Importantly, as not all of the vocabulary tests were run double-blind, any unconscious cuing on the part of the caretakers should have led to many proximity errors (including errors that had no other code), and this is not the pattern observed. These results further support the hypothesis that the apes’ representations of the lexigram symbols and their English and referential counterparts comprises a complex system of multiple associations, including physical, spatio-temporal and conceptual associations.

Many researchers have argued that syntactical structure is the singular linguistic ability that separates human language from animal communication (Calvin and Bickerton 2000; Pinker 1994; Wallman 1992). These data support that claim in that the apes did not make errors based on part of speech more often than would be expected by chance. However, the determination of chance is confounded because the “part of speech” code was only utilized in absence of a categorical match.
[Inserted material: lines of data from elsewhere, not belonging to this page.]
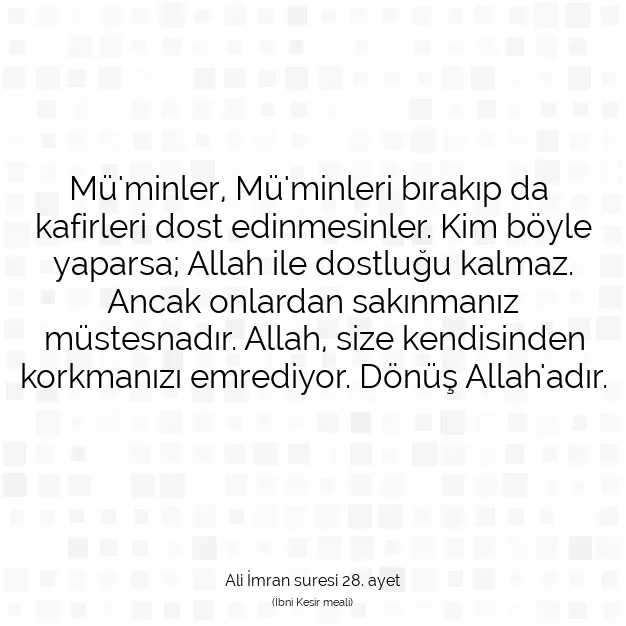 Ayetbul | Kuran Mealleri | Quran | Ali İmran suresi 28. ayet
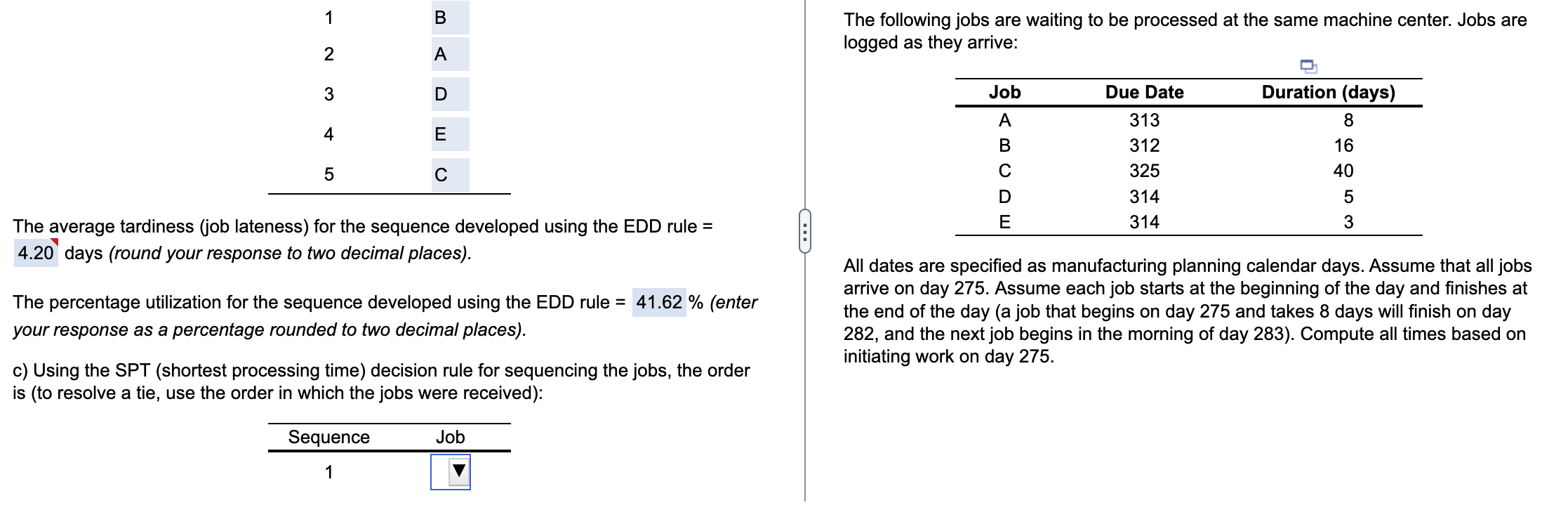 B 2. 3 D The following jobs are waiting to be
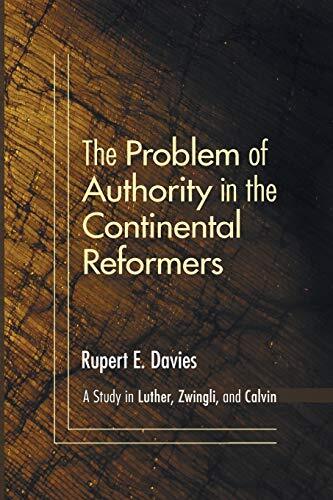 A Study in Luther, Zwingli, and Calvin

The problem of authority in religion is one of the perennial problems of human thought and experience. This book is an attempt to show how it presented itself to Christians in a particular historical setting, and to
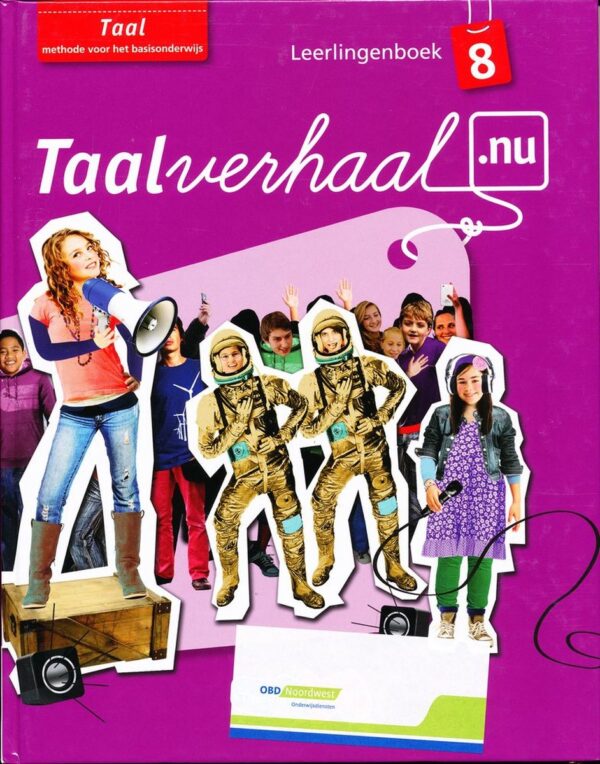 Taalverhaal Nu Leerlingenboek Taal groep 8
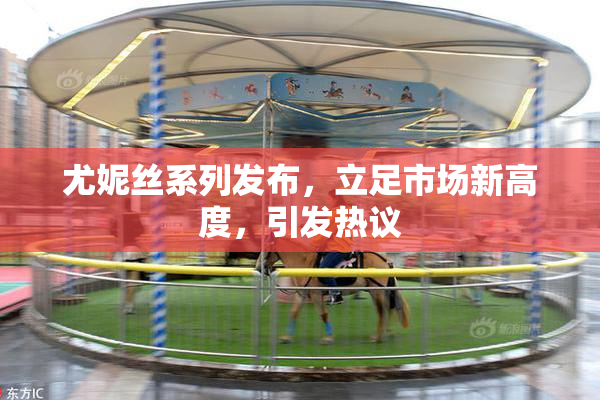尤妮丝系列发布，立足市场新高度，引发热议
Given the large number of categorical matches by the apes, and the small number of categorical matches in the random distributions, the detection of any syntactical markings would be difficult to separate from the semantic (categorical) effect. This confound is further affected by the predominance (over 86%) of nouns on the keyboard. Future analysis of data with more verb, adjective, and/or performative samples may clarify the syntactical marking question and would help to clarify the distinction between semantic relations (actions vs. agents, etc., see Greenfield and Savage-Rumbaugh 1990; Greenfield and Lyn 2007, also Lyn et al., unpublished data) and syntactical parts of speech (nouns vs. verbs, etc.). This distinction must be made, as although both apes make more verb errors when presented with a verb sample, the verb samples cannot be separated from their semantic class of “action”. The recently expanded keyboard contains many more nonaction verbs, allowing for possible future study.

Finally, there were a number of “error” types that included attempted communications, rather than attempts to respond to the sample, such as requests for items, continuations of previous topics, etc. For example, when asked to find the lexigram for “Sue”, Kanzi initially responded with what could be interpreted as a request for interaction “Chase, Tickle” then indicated “Sue”. This interpretation is supported by the caretaker’s comment that Kanzi first responded with activities that he would like to do with Sue. In another instance, the caretaker’s comment at the beginning of a test session indicated that she and Kanzi had communicated about going out to the playyard. Kanzi responded “open” or “playyard” in all four errors found in that test session. Another example may be when an ape chooses the lexigram of a food found at a location, instead of the location itself (e.g. “blackberries” for “criss cross corners”). These “errors” are included within the “uncategorizable” code when none of the other above codes is indicated. However, these “errors” indicate the continued use of the keyboard as a communicative system and are an interesting subject for possible further analysis. Importantly, however, these future analyses would be reliant on the subjective views of caregivers present during the tests to tell us “why” the apes may have made the mistakes it did.

These findings detail the spontaneous formation of hierarchical, conceptual categories by symbol-using bonobos utilizing a data set of vocabulary errors. Many questions remain to be answered including questions of any developmental changes that may have taken place over the 10+ years of data collection, co-occurrences of certain kinds of errors; detailed examination of the uncategorizable errors, and analysis of the specific types of hierarchical categories that were formed by the bonobos. While outside of the scope of this paper, these questions remain worthy of further pursuit.